USC students in an immersive global health course landed front-row seats to watch international politics play out at the 69th World Health Assembly (WHA) in Geneva, Switzerland. Afterward, they sat down with leaders from multinational organizations to learn how health governance works on a grand scale.
The 12 public health students were embedded in May as official, non-governmental delegates to NCD Alliance members at the World Health Assembly, the decision-making body of the World Health Organization. The annual meeting, which focuses on setting the global agenda for addressing priority health topics, convenes representatives from all WHO Member States.
This year’s agenda included identifying next steps for the Sustainable Development Goals, ramping up tobacco control and handling complex health emergencies like Ebola, Zika and the latest yellow fever resurgence.
The USC Master of Public Health program offers the course “Global Health Governance & Diplomacy in Practice in Geneva at the World Health Assembly,” through the Department of Preventive Medicine every spring semester.
Led by professors Laura Ferguson and Sofia Gruskin, the students were placed on five delegations within the NCD Alliance dedicated to Alzheimer’s disease, diabetes, cancer, heart disease, tuberculosis and lung disease.
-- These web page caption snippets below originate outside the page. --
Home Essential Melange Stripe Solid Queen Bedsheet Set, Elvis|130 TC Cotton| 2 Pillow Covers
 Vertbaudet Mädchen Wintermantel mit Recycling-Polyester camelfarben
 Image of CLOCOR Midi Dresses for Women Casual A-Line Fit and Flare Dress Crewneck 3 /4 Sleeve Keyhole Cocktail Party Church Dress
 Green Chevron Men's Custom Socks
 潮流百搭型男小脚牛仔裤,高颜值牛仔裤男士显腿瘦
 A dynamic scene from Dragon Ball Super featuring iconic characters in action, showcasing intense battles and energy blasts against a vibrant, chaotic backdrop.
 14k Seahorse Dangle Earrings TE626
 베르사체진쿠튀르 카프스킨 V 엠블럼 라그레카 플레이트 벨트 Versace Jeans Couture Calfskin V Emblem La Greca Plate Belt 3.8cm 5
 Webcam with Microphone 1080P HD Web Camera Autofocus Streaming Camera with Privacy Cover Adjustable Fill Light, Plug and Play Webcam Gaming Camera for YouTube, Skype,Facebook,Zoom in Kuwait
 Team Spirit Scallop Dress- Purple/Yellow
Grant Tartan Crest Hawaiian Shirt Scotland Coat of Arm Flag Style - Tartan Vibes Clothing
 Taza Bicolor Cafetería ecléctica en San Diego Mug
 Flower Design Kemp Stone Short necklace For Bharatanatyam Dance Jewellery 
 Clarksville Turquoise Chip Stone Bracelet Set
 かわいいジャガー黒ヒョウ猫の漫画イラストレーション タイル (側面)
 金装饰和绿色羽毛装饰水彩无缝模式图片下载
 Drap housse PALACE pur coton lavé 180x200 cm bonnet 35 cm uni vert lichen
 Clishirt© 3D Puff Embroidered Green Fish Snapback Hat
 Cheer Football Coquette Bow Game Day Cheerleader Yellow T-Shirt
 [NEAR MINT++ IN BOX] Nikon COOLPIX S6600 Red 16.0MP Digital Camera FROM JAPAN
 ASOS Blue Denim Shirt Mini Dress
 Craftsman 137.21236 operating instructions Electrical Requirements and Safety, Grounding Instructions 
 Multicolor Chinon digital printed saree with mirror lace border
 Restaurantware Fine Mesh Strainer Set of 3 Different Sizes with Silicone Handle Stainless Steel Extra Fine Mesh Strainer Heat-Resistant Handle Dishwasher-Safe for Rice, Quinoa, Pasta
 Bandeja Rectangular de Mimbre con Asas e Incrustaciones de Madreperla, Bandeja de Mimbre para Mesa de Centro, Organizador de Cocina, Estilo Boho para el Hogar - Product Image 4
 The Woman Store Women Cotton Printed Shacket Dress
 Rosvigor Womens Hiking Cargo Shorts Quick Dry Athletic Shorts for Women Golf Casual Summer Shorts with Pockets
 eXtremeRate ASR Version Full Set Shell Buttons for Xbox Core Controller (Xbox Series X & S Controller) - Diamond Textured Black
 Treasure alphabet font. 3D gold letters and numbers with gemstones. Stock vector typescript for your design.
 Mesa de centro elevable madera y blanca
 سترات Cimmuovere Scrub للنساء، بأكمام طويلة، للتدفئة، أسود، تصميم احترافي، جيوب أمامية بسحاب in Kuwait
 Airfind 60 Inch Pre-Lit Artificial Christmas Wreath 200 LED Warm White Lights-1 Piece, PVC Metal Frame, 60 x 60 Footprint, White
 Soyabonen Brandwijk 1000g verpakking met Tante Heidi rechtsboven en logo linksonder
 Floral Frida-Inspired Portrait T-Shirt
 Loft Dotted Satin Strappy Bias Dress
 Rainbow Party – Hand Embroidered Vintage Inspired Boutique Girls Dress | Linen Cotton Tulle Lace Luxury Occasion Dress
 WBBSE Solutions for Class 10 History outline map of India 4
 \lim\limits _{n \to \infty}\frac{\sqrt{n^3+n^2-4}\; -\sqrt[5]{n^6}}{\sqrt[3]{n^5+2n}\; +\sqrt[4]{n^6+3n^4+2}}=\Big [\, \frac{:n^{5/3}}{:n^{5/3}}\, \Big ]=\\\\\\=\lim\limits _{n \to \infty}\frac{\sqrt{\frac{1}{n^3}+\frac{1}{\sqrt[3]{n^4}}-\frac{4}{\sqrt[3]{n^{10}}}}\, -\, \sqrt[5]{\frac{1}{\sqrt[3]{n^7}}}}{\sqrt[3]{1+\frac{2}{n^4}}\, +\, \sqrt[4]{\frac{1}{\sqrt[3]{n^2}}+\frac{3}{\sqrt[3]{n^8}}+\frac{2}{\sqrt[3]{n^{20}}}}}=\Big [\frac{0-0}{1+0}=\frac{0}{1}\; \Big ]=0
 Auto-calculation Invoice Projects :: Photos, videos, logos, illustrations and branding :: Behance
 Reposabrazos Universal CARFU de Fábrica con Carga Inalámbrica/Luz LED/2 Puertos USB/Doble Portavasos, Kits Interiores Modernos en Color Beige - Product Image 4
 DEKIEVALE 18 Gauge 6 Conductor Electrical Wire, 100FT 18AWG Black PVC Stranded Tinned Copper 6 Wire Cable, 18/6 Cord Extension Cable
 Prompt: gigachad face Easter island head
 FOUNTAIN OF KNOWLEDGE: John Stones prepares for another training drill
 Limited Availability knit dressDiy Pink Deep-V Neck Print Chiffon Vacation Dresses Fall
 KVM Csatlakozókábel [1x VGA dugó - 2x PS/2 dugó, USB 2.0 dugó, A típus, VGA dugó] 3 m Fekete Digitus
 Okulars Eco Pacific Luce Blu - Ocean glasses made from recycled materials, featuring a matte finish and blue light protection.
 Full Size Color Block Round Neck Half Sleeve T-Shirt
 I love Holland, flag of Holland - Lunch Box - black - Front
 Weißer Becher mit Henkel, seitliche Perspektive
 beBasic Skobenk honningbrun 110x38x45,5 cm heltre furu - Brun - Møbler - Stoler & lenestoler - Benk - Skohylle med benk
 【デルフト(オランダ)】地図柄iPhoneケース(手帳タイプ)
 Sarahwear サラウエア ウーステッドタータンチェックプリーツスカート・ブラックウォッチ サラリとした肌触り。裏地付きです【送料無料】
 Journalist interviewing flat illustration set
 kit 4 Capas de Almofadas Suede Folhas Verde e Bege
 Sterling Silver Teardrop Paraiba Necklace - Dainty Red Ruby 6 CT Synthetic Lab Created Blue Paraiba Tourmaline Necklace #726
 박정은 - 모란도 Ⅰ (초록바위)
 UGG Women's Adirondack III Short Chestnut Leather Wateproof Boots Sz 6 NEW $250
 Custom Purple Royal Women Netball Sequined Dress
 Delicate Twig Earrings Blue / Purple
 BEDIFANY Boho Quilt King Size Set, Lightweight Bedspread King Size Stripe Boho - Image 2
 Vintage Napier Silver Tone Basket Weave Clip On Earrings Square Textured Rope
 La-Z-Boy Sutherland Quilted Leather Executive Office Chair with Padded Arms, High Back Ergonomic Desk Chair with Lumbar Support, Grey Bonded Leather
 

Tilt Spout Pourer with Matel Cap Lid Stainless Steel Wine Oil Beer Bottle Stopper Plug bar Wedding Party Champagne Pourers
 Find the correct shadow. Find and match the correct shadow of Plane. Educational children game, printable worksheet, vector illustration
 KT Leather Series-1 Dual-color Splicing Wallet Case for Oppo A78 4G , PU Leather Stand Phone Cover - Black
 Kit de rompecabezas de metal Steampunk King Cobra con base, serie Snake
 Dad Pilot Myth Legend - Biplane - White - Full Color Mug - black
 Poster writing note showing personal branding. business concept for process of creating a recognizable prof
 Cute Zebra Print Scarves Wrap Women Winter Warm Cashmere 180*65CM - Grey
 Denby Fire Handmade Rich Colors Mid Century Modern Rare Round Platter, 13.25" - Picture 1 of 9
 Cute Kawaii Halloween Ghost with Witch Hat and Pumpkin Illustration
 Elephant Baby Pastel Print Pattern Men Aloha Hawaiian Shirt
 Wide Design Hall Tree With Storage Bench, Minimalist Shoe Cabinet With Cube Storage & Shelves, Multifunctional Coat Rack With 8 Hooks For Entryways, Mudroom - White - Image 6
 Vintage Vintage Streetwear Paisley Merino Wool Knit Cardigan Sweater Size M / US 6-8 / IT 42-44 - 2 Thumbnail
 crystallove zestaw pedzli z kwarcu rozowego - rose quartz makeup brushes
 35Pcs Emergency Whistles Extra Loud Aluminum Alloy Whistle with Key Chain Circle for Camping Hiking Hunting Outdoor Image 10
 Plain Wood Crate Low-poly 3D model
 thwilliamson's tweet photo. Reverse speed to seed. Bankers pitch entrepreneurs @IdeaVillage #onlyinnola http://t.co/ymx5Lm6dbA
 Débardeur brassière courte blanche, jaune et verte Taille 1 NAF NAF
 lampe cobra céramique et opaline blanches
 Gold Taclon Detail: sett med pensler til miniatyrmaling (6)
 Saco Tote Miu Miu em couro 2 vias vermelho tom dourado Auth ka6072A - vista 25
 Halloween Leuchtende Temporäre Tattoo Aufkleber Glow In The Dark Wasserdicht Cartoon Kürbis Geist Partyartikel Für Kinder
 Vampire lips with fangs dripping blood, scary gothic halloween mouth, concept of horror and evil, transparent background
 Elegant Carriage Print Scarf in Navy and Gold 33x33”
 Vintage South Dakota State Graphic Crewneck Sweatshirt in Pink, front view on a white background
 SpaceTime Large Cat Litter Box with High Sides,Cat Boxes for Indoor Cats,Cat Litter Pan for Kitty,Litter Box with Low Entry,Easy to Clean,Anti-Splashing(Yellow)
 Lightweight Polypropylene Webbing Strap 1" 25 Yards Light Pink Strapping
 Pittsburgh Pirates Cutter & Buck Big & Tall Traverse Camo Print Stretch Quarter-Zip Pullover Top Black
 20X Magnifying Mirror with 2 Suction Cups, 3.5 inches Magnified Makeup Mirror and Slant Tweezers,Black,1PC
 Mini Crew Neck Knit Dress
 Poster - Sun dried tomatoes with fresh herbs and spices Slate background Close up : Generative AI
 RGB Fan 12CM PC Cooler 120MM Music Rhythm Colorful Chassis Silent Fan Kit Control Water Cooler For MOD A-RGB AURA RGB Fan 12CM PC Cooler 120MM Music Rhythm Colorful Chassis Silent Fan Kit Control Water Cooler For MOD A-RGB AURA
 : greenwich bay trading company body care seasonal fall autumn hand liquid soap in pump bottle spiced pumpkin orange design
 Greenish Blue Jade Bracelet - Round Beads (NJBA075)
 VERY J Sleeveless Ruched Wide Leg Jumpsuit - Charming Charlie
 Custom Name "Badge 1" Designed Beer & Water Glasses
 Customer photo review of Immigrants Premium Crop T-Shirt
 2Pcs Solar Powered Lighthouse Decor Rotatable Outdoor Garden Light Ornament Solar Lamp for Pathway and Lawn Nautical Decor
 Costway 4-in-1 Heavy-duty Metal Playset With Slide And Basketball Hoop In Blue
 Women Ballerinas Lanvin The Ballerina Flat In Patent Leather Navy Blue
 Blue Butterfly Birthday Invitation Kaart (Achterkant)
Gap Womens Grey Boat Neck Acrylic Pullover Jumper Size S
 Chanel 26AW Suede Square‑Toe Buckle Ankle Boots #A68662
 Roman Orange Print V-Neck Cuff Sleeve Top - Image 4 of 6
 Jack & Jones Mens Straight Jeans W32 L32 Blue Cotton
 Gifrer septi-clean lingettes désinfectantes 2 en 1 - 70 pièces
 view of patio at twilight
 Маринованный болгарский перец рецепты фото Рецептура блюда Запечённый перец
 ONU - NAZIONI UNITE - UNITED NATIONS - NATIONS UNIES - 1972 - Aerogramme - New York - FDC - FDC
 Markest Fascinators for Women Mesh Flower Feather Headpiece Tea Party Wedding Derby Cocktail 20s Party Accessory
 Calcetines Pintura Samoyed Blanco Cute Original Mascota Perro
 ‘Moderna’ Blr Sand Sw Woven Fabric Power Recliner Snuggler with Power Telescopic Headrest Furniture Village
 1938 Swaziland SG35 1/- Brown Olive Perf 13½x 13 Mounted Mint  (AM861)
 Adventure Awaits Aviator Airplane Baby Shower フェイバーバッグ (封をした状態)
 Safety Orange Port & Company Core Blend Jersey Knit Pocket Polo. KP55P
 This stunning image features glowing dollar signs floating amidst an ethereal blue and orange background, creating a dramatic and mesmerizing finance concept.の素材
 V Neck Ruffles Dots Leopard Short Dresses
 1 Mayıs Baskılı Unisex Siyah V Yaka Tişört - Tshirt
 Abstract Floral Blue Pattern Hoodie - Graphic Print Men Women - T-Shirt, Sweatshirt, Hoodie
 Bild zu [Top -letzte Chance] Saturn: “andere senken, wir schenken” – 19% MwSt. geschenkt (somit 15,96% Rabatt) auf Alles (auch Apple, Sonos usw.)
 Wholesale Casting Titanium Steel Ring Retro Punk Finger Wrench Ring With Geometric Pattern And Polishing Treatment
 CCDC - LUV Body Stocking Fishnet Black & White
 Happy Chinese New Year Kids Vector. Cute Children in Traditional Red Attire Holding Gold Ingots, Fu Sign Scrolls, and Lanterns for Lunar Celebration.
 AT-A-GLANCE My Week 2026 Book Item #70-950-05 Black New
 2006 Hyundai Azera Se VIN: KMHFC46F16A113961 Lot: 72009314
In this official capacity, they took notes at relevant sessions, helped at side events, met participants from around the world and attended sessions to enhance their knowledge of global health topics and governance.
“This opportunity is unprecedented in global health education,” said Gruskin, director of the Program on Global Health & Human Rights in the USC Institute for Global Health. “It’s the kind of ah-ha experience that changes lives.”
Info overload
Sitting shoulder-to-shoulder with WHO representatives in the Palace of Nations’ iconic halls, the students shared photos, tweeted quotes and blogged about the assembly’s ups and downs — meeting WHO Director-General Margaret Chan, enduring 17-hour workdays, networking in the halls and parsing the inspiration overload that ensued.
“[I]t was intimidating, humbling and set the stage for what the world of public health looks like: a group of incredibly qualified professionals, trying to figure out the world’s biggest health/finance/resource problems in one week,” wrote MPH student Parnian Khorsand in her post on the USC Global Health Travel Blog.
“Never before had I stood in front of so many public health leaders — heroes whose names filled my textbooks and news feed,” wrote Cristina Gago, who is earning her B.S. in human biology and a progressive MPH in global health leadership.
The future of global health
The following week, students visited a range of international organizations to learn from representatives about their work relevant to the assembly’s issues, and to the future of global health.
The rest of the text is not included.